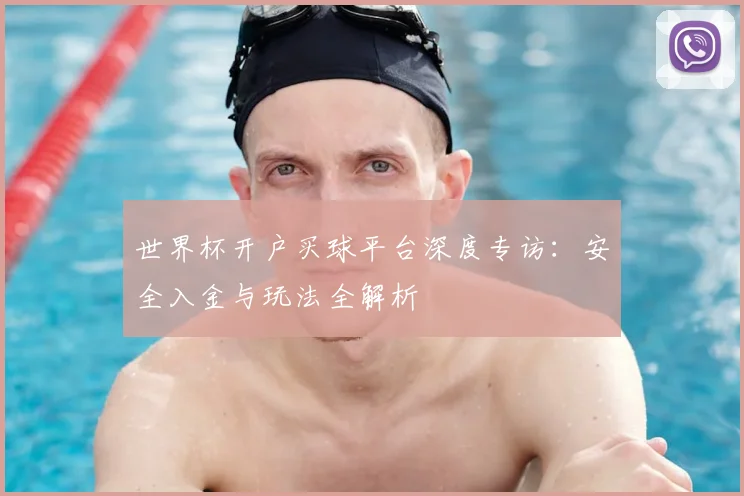 世界杯开户买球平台深度专访：安全入金与玩法全解析
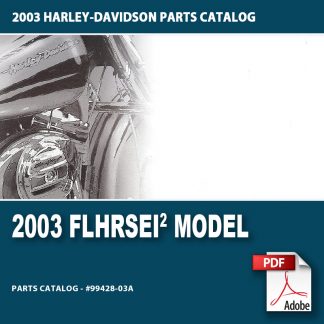 2003 FLHRSEI2 Model Parts Catalog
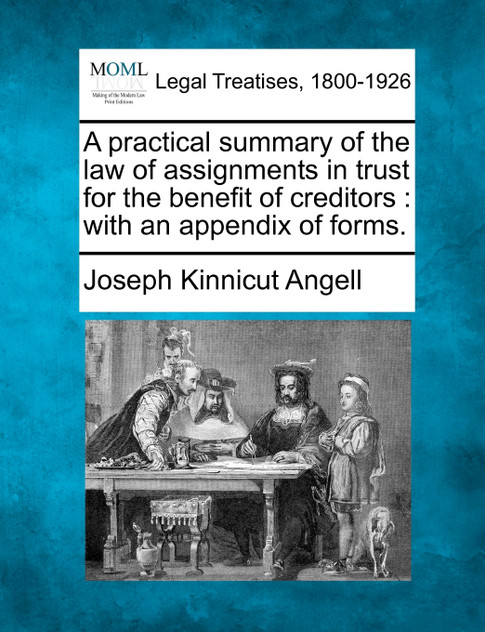 A practical summary of the law of assignments in trust for the benefit of creditors
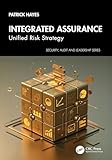 Integrated Assurance: Unified Risk Strategy (Security, Audit and Leadership Series)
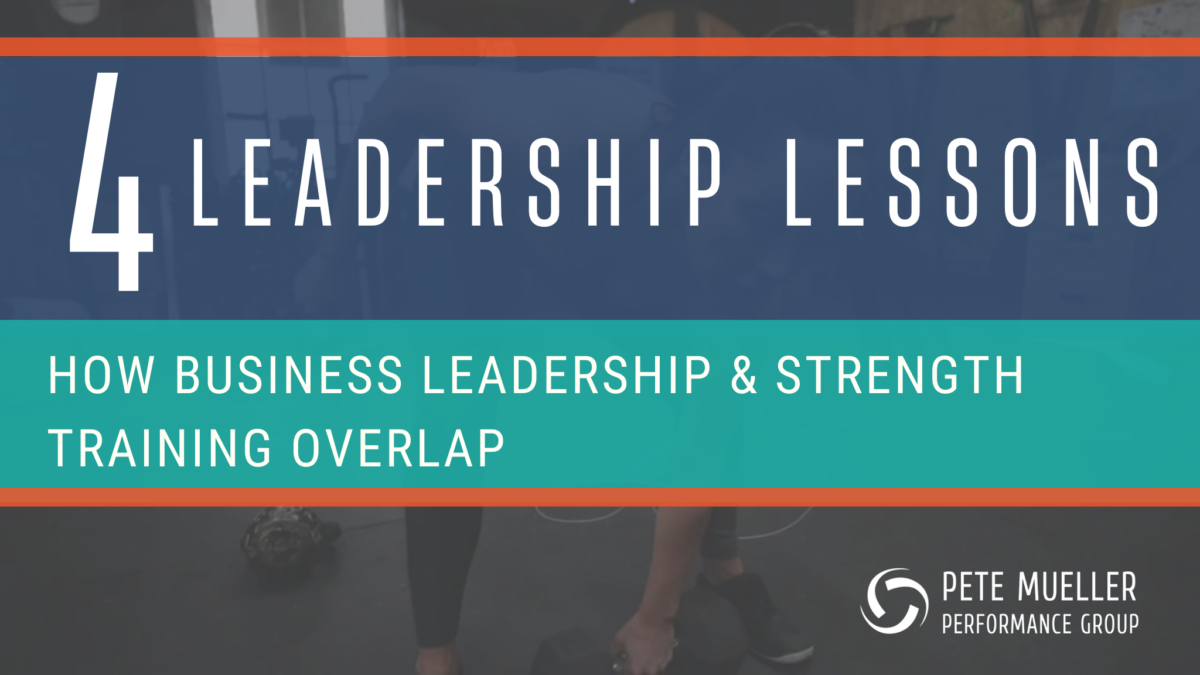 Post by Pete Mueller, the Premier Strength Coach in Milwaukee - 4 leadership lessonsfrom strength training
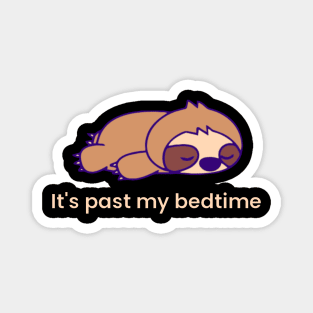 It's Past My BedTime Sloth Magnet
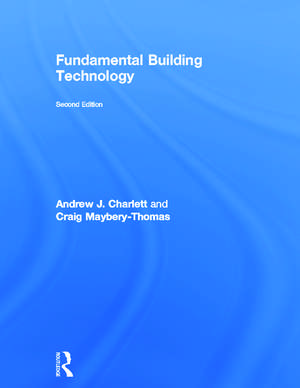 Fundamental Building Technology de Andrew J. Charlett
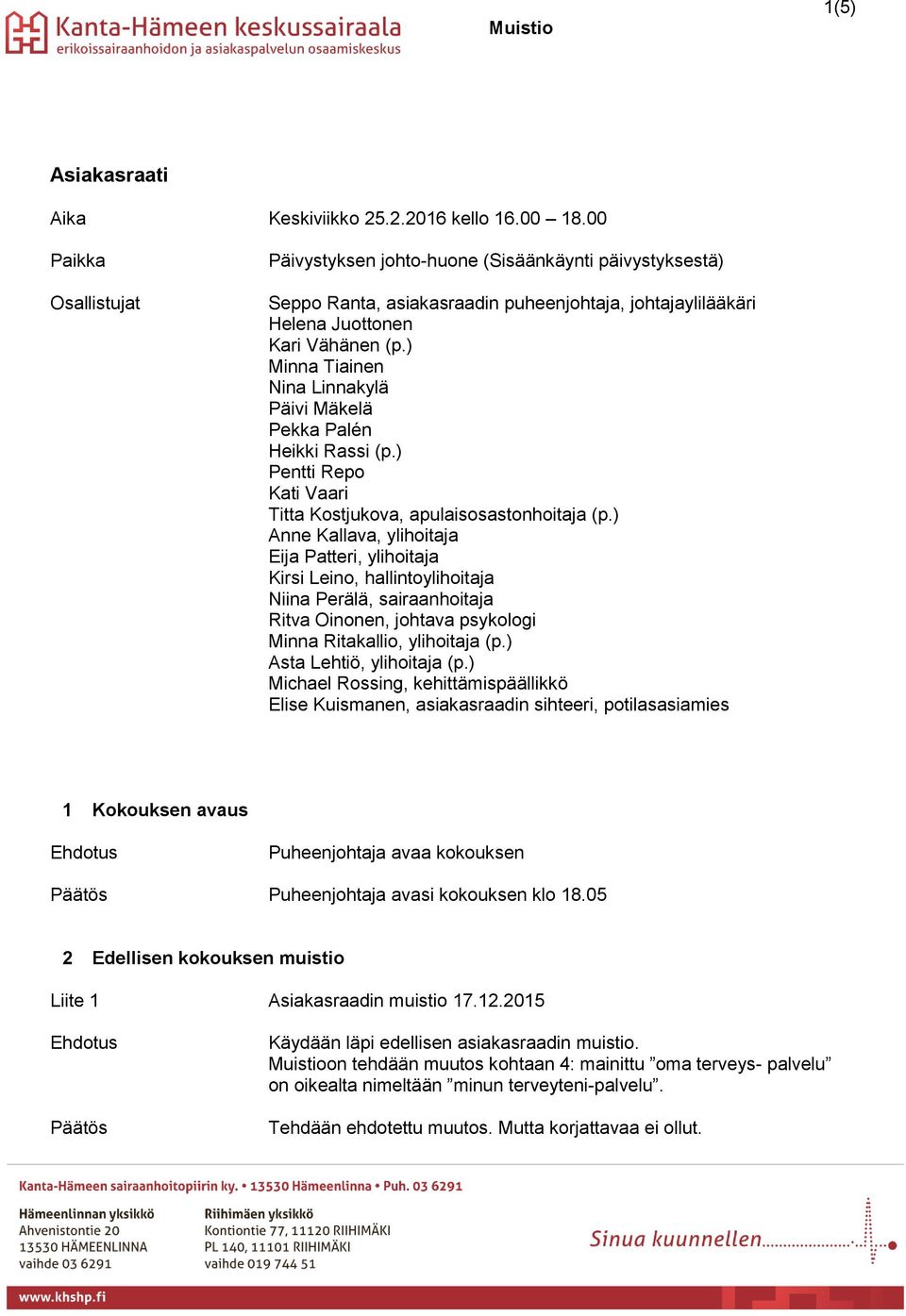 ) Minna Tiainen Nina Linnakylä Päivi Mäkelä Pekka Palén Heikki Rassi (p.) Pentti Repo Kati Vaari Titta Kostjukova, apulaisosastonhoitaja (p.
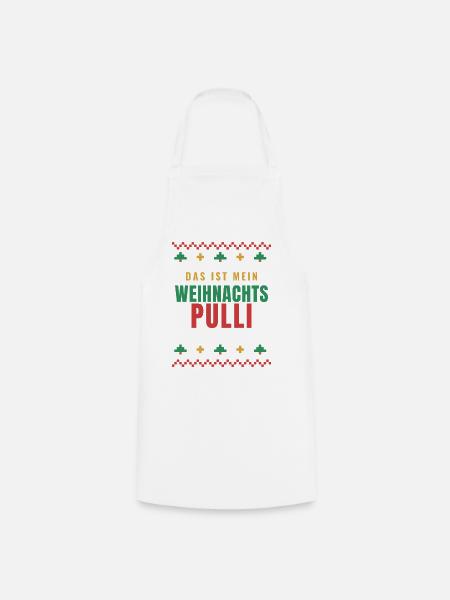Das ist mein Weihnachtspulli – lustig - Kochschürze - Weiß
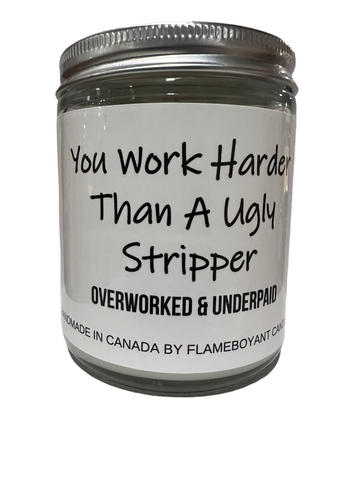 You Work Harder than an Ugly Stripper Candle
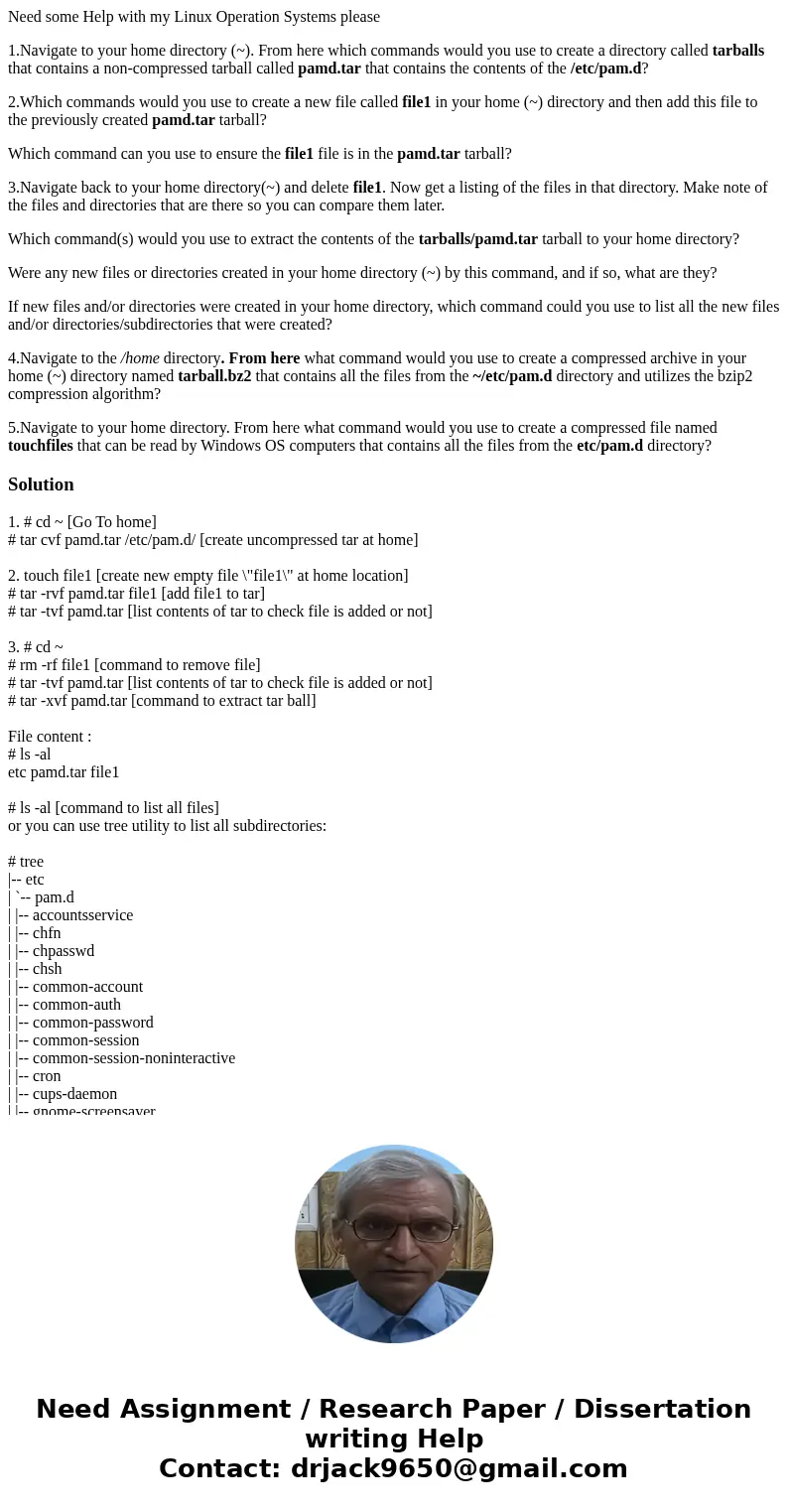 Need some Help with my Linux Operation Systems please 1.Navigate to your home directory (~). From here which commands would you use to create a directory called Need some Help with my Linux Operation Systems please 1.Navigate to your home directory (~). From here which commands would you use to create a directory called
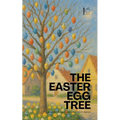 The Easter Egg Tree: Bilingual German-English Children's Easter Stories for Beginners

# [Task instructions]
All of the entries above should be retyped exactly, with the pictures left out.

# [Exercise output]
 世界杯开户买球平台深度专访：安全入金与玩法全解析
 2003 FLHRSEI2 Model Parts Catalog
 A practical summary of the law of assignments in trust for the benefit of creditors
 Integrated Assurance: Unified Risk Strategy (Security, Audit and Leadership Series)
 Post by Pete Mueller, the Premier Strength Coach in Milwaukee - 4 leadership lessonsfrom strength training
 It's Past My BedTime Sloth Magnet
 Fundamental Building Technology de Andrew J. Charlett
 ) Minna Tiainen Nina Linnakylä Päivi Mäkelä Pekka Palén Heikki Rassi (p.) Pentti Repo Kati Vaari Titta Kostjukova, apulaisosastonhoitaja (p.
Das ist mein Weihnachtspulli – lustig - Kochschürze - Weiß
 You Work Harder than an Ugly Stripper Candle
 Need some Help with my Linux Operation Systems please 1.Navigate to your home directory (~). From here which commands would you use to create a directory called Need some Help with my Linux Operation Systems please 1.Navigate to your home directory (~). From here which commands would you use to create a directory called
 The Easter Egg Tree: Bilingual German-English Children's Easter Stories for Beginners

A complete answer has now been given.